**Your goal:** For the material below, reproduce exactly each line from the one that has "2025年的什么黑口子能下款有：你我贷、滴水贷、读秒贷、快贷通、随身贷等。" through the one that has "Born2be - Brązowy", and no others; pictures stay out.

**Provided entries:**
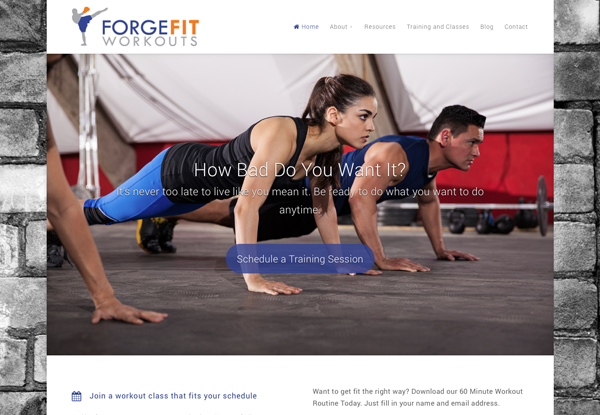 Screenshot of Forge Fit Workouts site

==

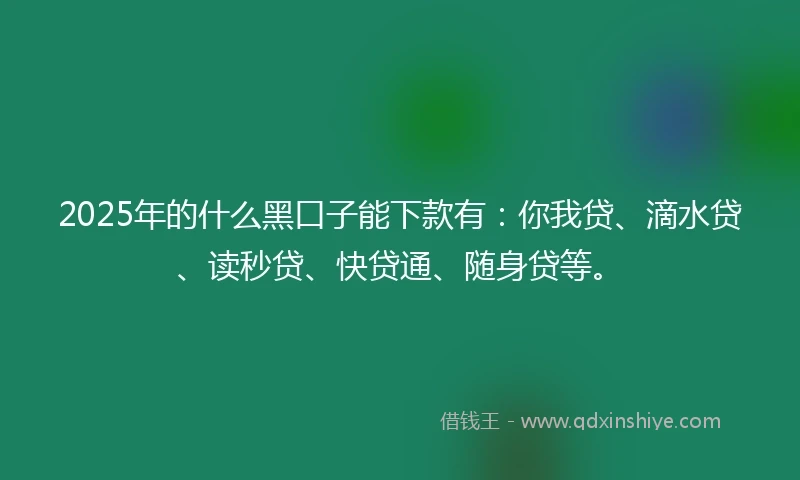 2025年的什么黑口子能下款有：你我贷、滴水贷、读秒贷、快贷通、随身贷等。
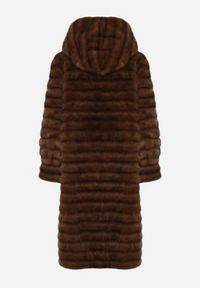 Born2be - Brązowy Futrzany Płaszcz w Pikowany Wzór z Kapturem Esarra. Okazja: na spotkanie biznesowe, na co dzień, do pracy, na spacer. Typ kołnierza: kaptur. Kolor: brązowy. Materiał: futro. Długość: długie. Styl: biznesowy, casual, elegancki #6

==

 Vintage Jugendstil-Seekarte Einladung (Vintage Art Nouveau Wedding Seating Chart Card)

**Output below:**
 2025年的什么黑口子能下款有：你我贷、滴水贷、读秒贷、快贷通、随身贷等。
 Born2be - Brązowy Futrzany Płaszcz w Pikowany Wzór z Kapturem Esarra. Okazja: na spotkanie biznesowe, na co dzień, do pracy, na spacer. Typ kołnierza: kaptur. Kolor: brązowy. Materiał: futro. Długość: długie. Styl: biznesowy, casual, elegancki #6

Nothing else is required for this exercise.